Those who read last week’s post know I have some unfinished business. I made some big assertions in that post. I said Jesus learned. I said his mind changed and grew during his life on earth. I said the mind of Christ is, in a sense, not the same thing as the mind of God.

Today I try to back up those assertions and close out this reflection on the mind of Christ. Close it out by saying, yes, it is possible to say with St. Paul: “We have the mind of Christ.”

Let’s pick up Hebrews 5:8-9. Paul is speaking of Jesus, when he writes:

“Son though he was, he learned obedience from what he suffered; and when he was made perfect, he became the source of eternal salvation for all who obey him.”

Jesus learned obedience from what he suffered; note that. Paul also speaks of Jesus being made perfect through his experience. Paul is speaking of the Passion here. He says Jesus learned obedience through his Passion and it made him perfect. Jesus’ Passion (his suffering and death) brought him to his telos, to the purpose for which he came into existence.

How could Jesus have learned obedience through the Passion? Was he not already obedient? Do we not have evidence that he obeyed Mary and Joseph as a child, that he embraced the Father’s will during his years of active ministry?

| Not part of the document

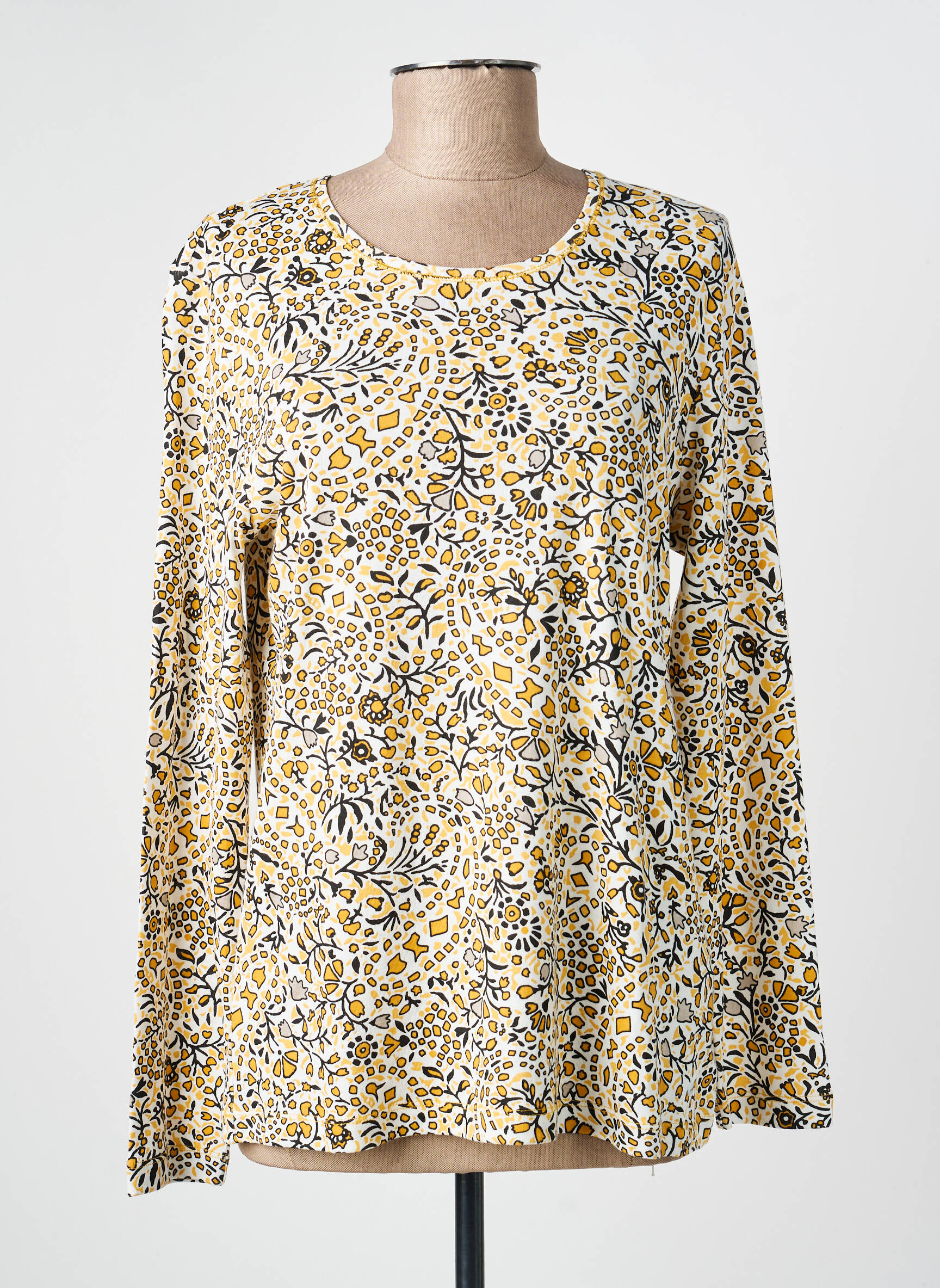 Tricou mâneci lungi mâneci lungi galben OLSEN femeie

I suppose what Paul means is that Jesus learned the fullest expression of obedience through his Passion. In other words, the Passion constituted for Jesus an experience, in his humanity, of trusting the Father with everything; with the loss of everything; the sacrifice of everything. Trusting him through rejection; trusting him through a criminal’s sentence; trusting him through the whipping and the lashes he received from the soldiers; through the piercing of the woven thorns upon his head, through the carrying of the heavy, wooden cross along dusty streets; through the jeering of the crowds, the cruel blows of the nails in wrists and feet; through the hours of hanging there, like a criminal, humiliated, asphyxiated, bleeding; through being mocked by a thief who shared his fate. Going through all these experiences, and still being surrendered to the Father in love, still forgiving those who were responsible. Still believing in a kingdom of righteousness, still handing over his spirit in love and trust to the Father.

In his humanity, Jesus had not learned this dimension of obedience until that point. Until that kenosis, that emptying of self. Not until he lived through his Passion.

He learned. In this way, his human nature was brought to its telos. In this way, Jesus was perfected, through his Passion, in a way he was not before it. Through his Passion, Jesus fulfilled in himself the divine Words of the sign of Isaac, the Lamb of God, the Suffering Servant. He became, in his human nature, the true High Priest who makes unto the Father a sacrifice capable of redeeming every human sin. This all became true; these divine Words became flesh in Jesus in a new and perfect way through his Passion. What Jesus knew in his divine nature, he lived in his human nature through the Passion. The Word became flesh, in its fullest sense, through the Passion.

The Mind of an Infant

In all this we are trying to get at: What is the mind of Christ? Fr. Patrick Reardon comes at this idea from a different angle:

“What,” he asks, “did Jesus think about, as an infant in the manger?”

Did he think about the prophets? Moses? The creation of the universe? The intricacy of the earth’s atmosphere? The Father’s plan for human redemption?

“He didn’t think about anything” is Reardon’s reply. Didn’t think about anything because he was an infant. The Logos became flesh in a human being. Which means he began life as an infant, with an infantile mind. A mind that would grow over time, as all minds do. As Jesus’ mind grew, up to and through his Passion.

This is good news. It means Paul did not exaggerate. We too can have this mind of Christ in us, even now. For the mind of Christ is a mind that is human but wholly abandoned, obedient and receptive to the light of the Spirit. A mind that grows in wisdom before God and before men, as we go through the experience of our life on earth.

This mind was in Jesus. Paul had this mind. Do you?